Instructions to follow
The data below should be printed in full, exactly, and without any of its images.

Supplied information
###
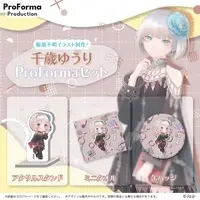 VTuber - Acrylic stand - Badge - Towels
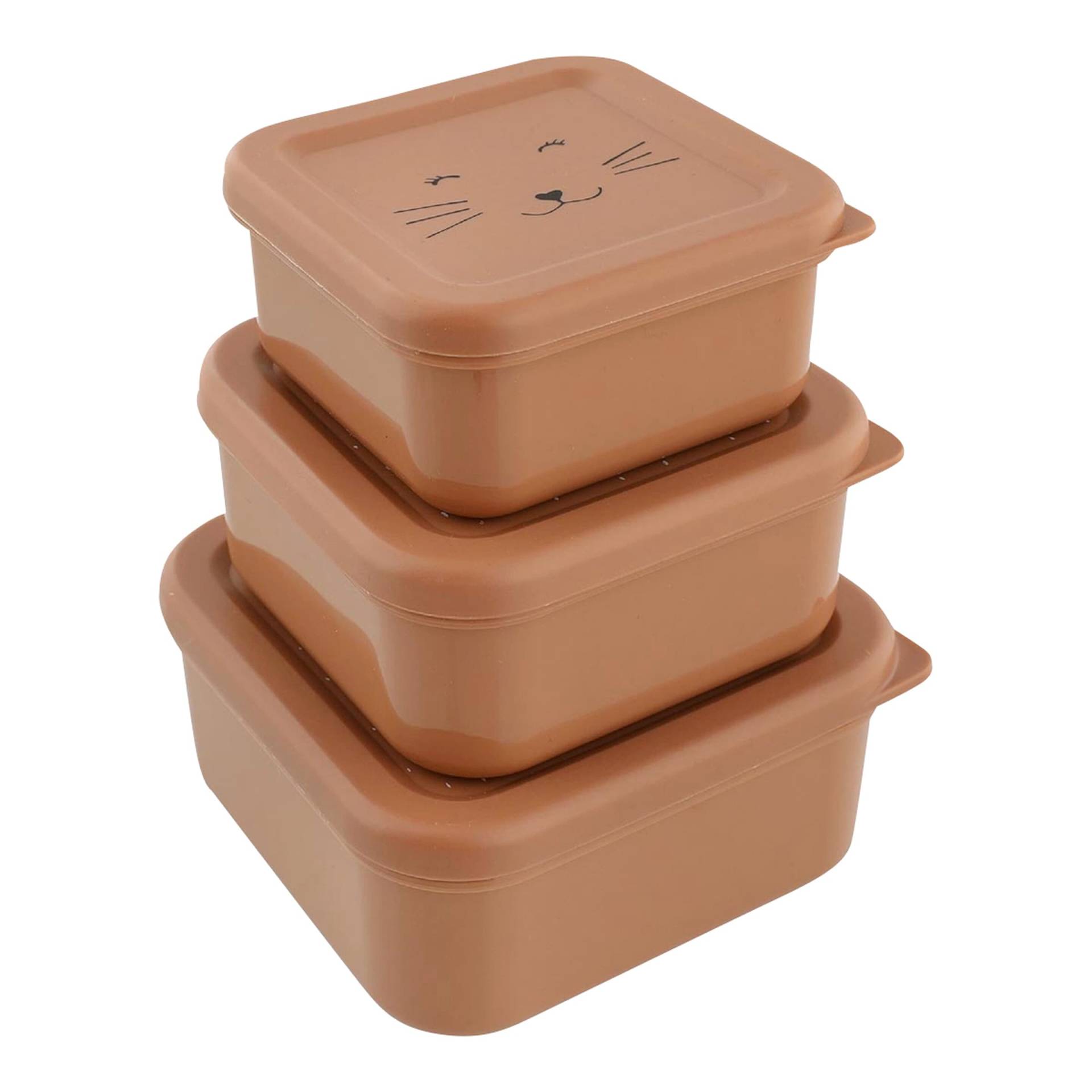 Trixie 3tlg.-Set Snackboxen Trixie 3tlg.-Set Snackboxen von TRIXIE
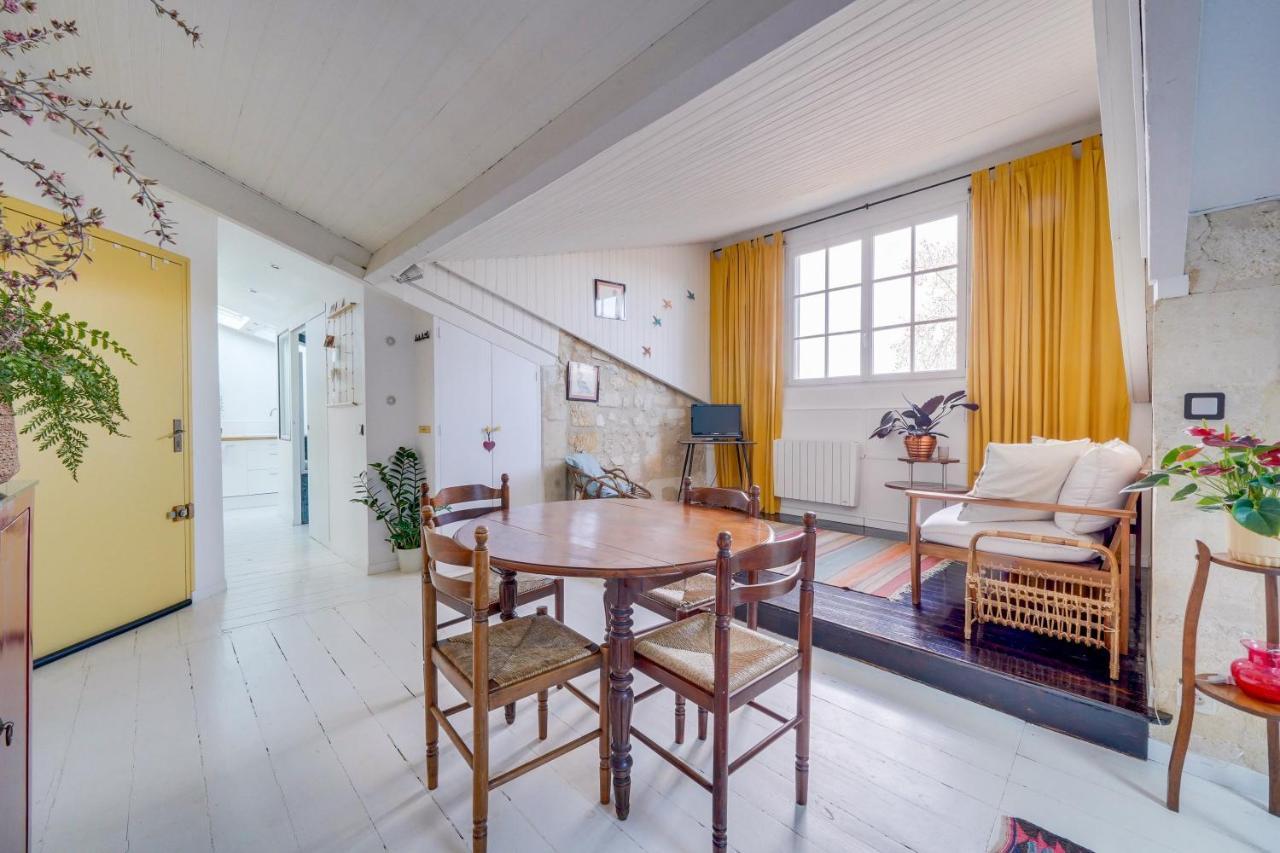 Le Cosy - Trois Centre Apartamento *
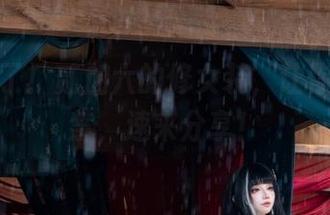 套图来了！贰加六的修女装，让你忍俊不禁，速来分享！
###
Solution to the problem
 VTuber - Acrylic stand - Badge - Towels
 Trixie 3tlg.-Set Snackboxen Trixie 3tlg.-Set Snackboxen von TRIXIE
 Le Cosy - Trois Centre Apartamento *
 套图来了！贰加六的修女装，让你忍俊不禁，速来分享！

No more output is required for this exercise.